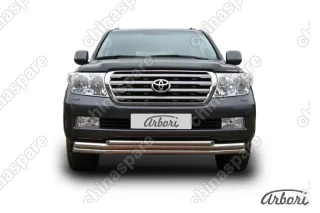 AFZDATLC213 Защита переднего бампера d57+d57+d42 тройная Arbori нерж. сталь для Toyota LC200 2007-2012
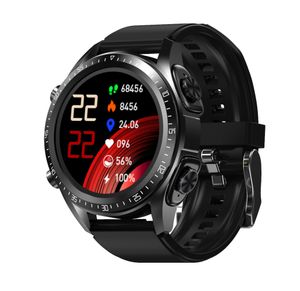 IOS Android TWS Smartwatch 2 in 1 Smart Watch مع سماعات الأذن Bluetooth Blood Oxygen معدل ضربات القلب مضاد للماء الساعات الذكية للياقة البدنية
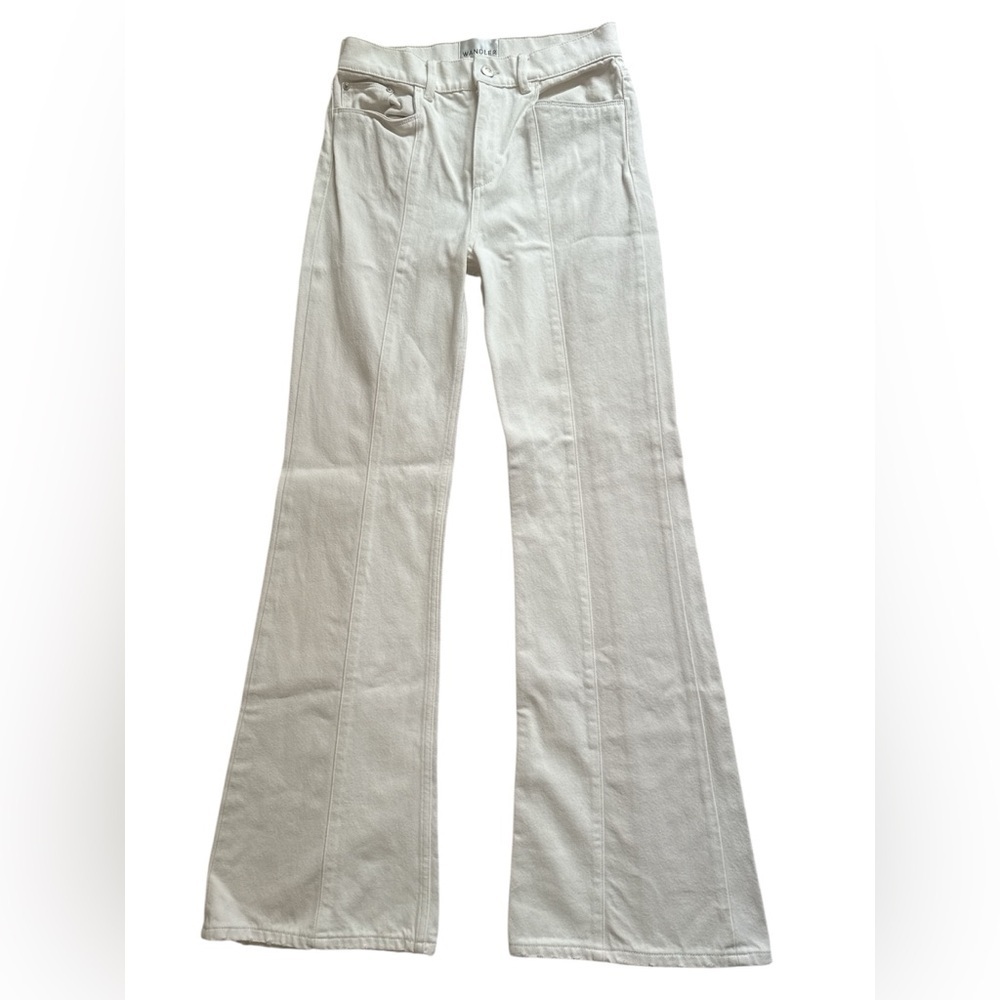 Wandler Daisy Flared Jeans Beige Women's Size 26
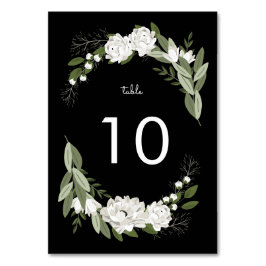 Bordsnumret White Blommigt Bröllop Sprigs Bordsnummer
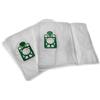 vhbw 10x sacchetto compatibile con Numatic Harry HHR200-A, Henry 240 Plus, Henry HVR200-A, Henry HVX200-A, Henry NBV190 aspirapolvere - microfibra, 40cm x 41cm Bianco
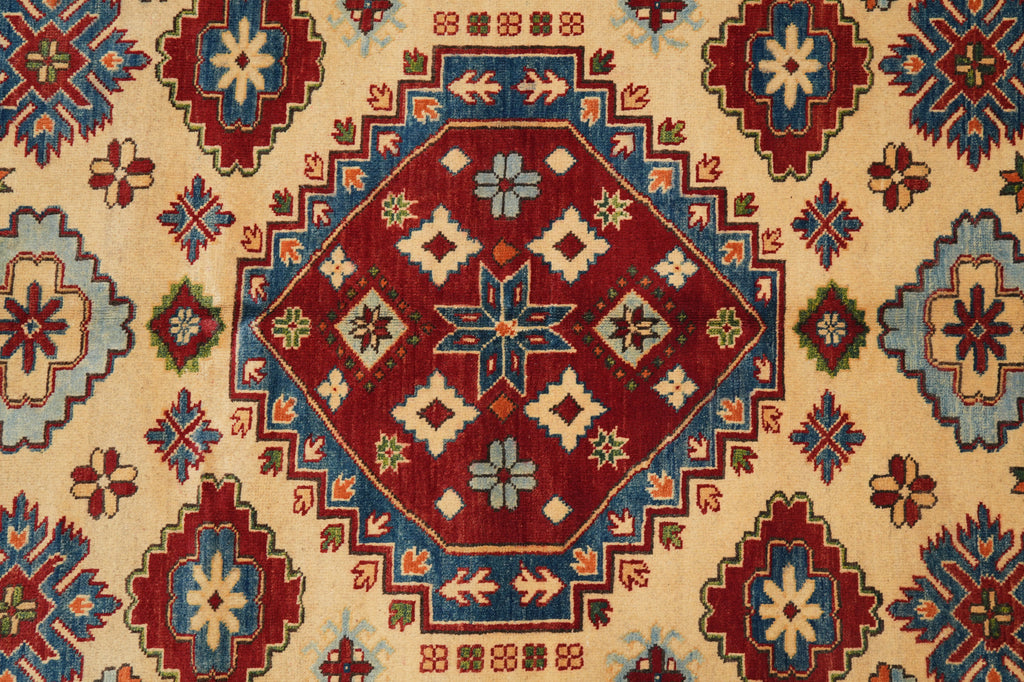 5 x 6 New Kazak Rug Handmade Pakistan #B-77244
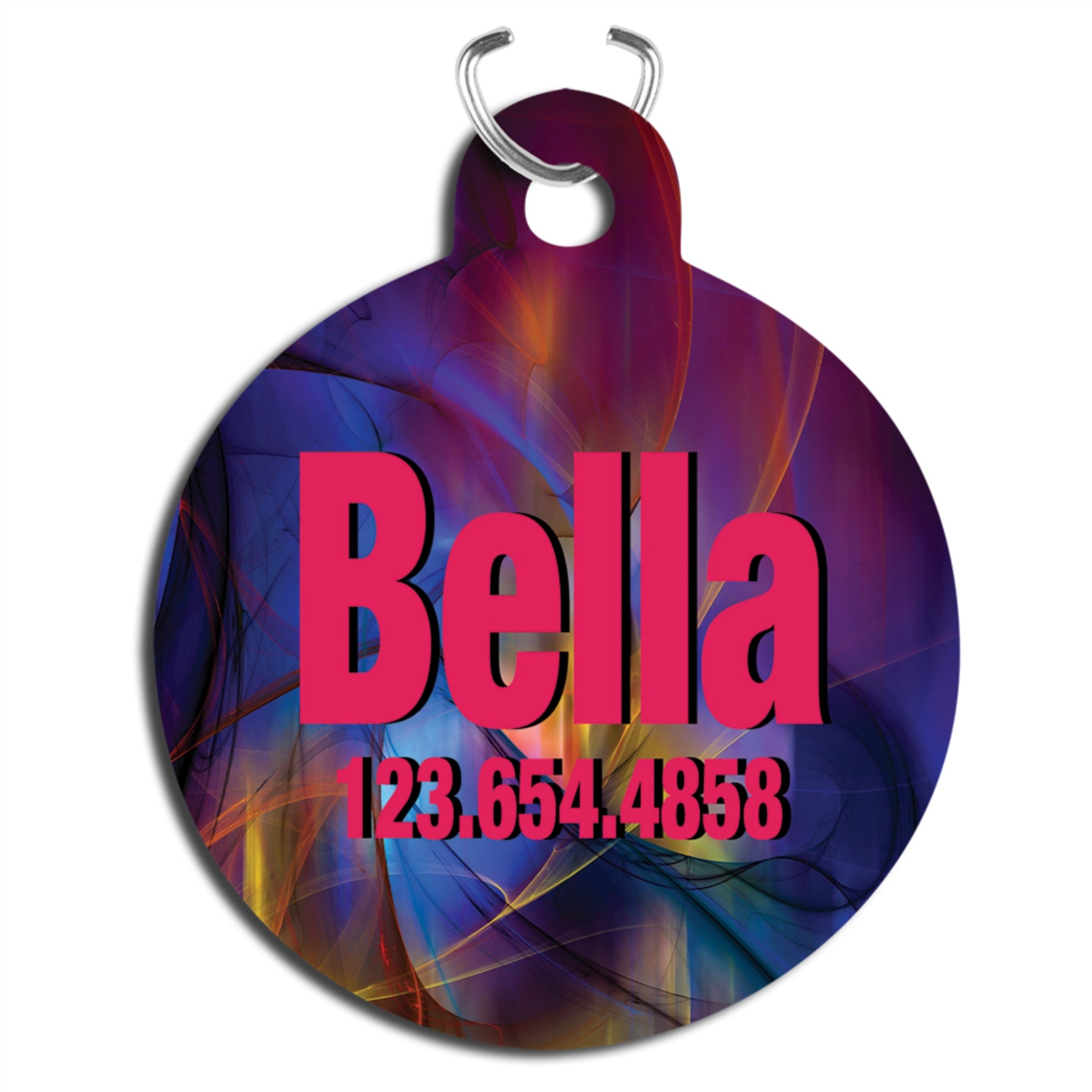 Gloss Aluminum Pet Tag - PT06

Work to complete: The whole listing above, minus its pictures, is what you should write out word for word.

Finished task:
 AFZDATLC213 Защита переднего бампера d57+d57+d42 тройная Arbori нерж. сталь для Toyota LC200 2007-2012
 IOS Android TWS Smartwatch 2 in 1 Smart Watch مع سماعات الأذن Bluetooth Blood Oxygen معدل ضربات القلب مضاد للماء الساعات الذكية للياقة البدنية
 Wandler Daisy Flared Jeans Beige Women's Size 26
 Bordsnumret White Blommigt Bröllop Sprigs Bordsnummer
 vhbw 10x sacchetto compatibile con Numatic Harry HHR200-A, Henry 240 Plus, Henry HVR200-A, Henry HVX200-A, Henry NBV190 aspirapolvere - microfibra, 40cm x 41cm Bianco
 5 x 6 New Kazak Rug Handmade Pakistan #B-77244
 Gloss Aluminum Pet Tag - PT06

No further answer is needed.